The `output` attribute declares the ID of the *output port* of these sources as `source1Output` & `source2Output` so that other nodes can read from them. You can see the connection with ID `633b9935-4066-43ff-9412-efd21d441f81` is being referenced in both cases because we're using the same connection for both source tables. This ID would be different for each source if we were using connections to two distinct sources.

####  <a id="create3"></a>2.3 Defining an operation in a multi-source data flow ####
A data flow can contain zero or more operations, with a typical operation having one or more inputs and one or more outputs. An operation input is linked to the output of a source or another operation. An operation can also have additional parameters which define how the operation performs its work. An operation is defined as an *execution node* in the data flow *pipeline*. 

The following example creates a sort operation for the column `PRODUCT_NUMBER` from `source1` only. A separate operation could also be added to `source2` or an operation could be applied that required both sources (for example, Join).
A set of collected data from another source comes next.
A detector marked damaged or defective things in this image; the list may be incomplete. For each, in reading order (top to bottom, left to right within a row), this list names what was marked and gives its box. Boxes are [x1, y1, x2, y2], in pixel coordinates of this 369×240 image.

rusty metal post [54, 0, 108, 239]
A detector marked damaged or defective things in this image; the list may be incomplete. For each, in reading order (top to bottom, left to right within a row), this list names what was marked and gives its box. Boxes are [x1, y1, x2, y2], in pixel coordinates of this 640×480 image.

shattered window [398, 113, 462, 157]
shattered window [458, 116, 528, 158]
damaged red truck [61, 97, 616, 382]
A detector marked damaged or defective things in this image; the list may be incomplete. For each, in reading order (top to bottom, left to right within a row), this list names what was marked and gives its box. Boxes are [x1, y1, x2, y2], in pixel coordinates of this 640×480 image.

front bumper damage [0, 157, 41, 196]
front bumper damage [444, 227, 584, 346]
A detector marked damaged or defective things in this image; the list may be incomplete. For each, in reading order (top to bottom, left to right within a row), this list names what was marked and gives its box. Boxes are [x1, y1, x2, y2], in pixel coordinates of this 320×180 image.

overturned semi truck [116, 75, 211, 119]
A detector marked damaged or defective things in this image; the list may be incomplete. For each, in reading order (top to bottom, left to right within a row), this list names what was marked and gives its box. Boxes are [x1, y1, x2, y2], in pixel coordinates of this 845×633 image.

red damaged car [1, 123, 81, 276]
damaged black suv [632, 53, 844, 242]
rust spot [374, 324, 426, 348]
The *execution node* for our sort operation is:

In [29]:
sort_operation = {  
  "id":"operation1",
  "type":"execution_node",
  "op":"com.ibm.wdp.transformer.FreeformCode",
  "parameters":{  
     "FREEFORM_CODE": "arrange(`PRODUCT_NUMBER`)"
  },
  "inputs":[  
     {  
        "id":"inputPort1",
        "links":[  
           {  
              "node_id_ref":"source1",
              "port_id_ref":"source1Output"
           }
        ]
     }
  ],
  "outputs":[  
     {  
        "id":"outputPort1"
     }
  ]
}

The `inputs` attribute declares an *input port* with ID `inputPort1` which references the *output port* of the source node (node ID `source1` and port ID `source1Output`). 
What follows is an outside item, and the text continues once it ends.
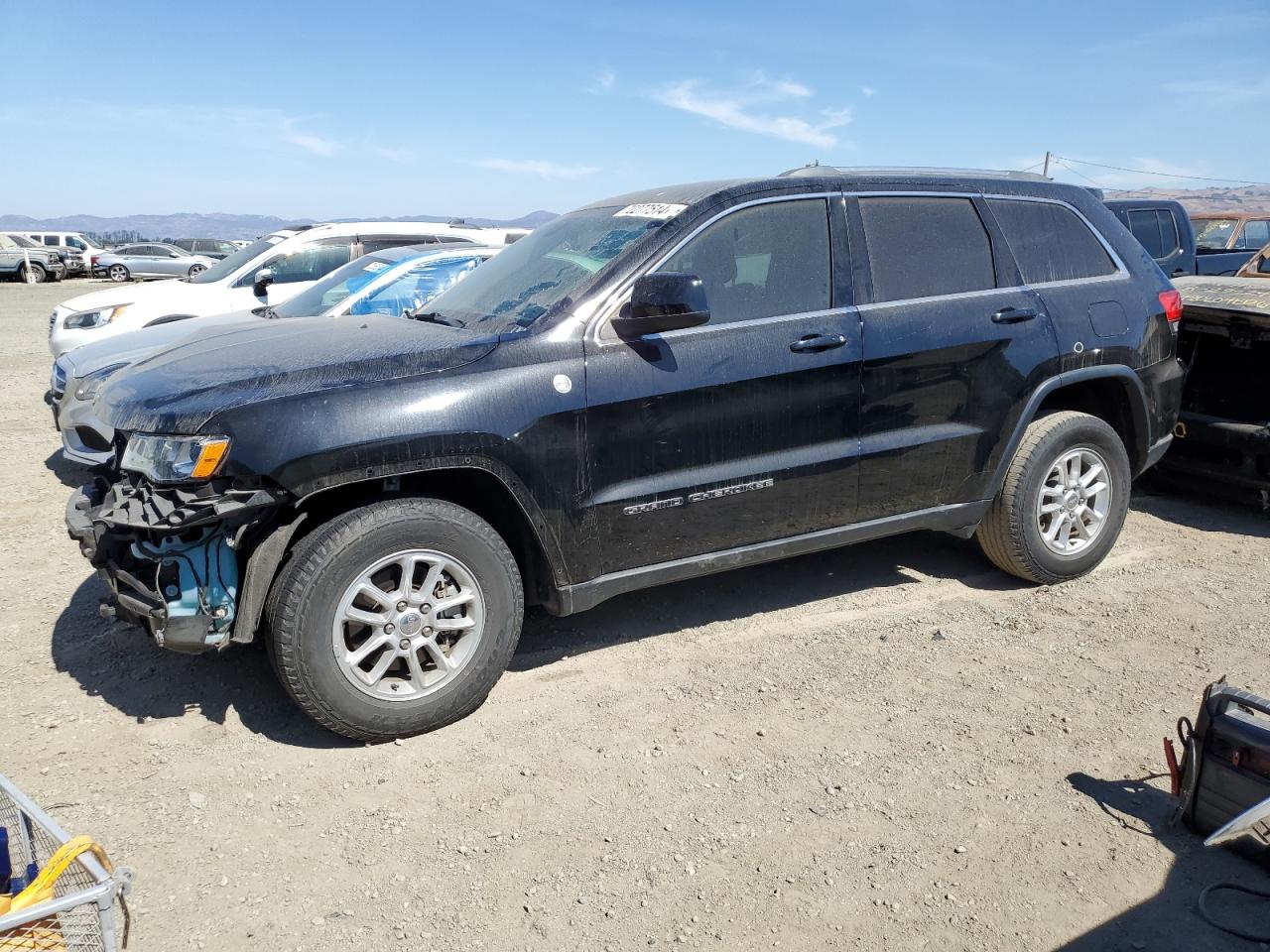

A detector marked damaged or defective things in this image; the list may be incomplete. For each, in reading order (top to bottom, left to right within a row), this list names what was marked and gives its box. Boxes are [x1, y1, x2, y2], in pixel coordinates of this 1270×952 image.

damaged front bumper [67, 477, 288, 654]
For this example, the operation is defined as a freeform operation, denoted by the `op` attribute value of `com.ibm.wdp.transformer.FreeformCode`. A freeform operation has only a single parameter named `FREEFORM_CODE` whose value is a snippet of Sparklyr code. In this snippet of code, a sort function is called and its argument is the column name to sort on, `PRODUCT_NUMBER`.

The `outputs` attribute declares the ID of the output of this operation as `outputPort1` so that other nodes can read from it.

####  <a id="create4"></a>2.4 Defining multiple targets in a data flow ####
A data flow can contain zero or more targets. A target is defined as a *binding node* in the data flow *pipeline* which has one input and no outputs. As with the source, the *binding node* must reference either a connection or a data asset. When using a connection as a target, specify the connection ID and the required properties for your connection type.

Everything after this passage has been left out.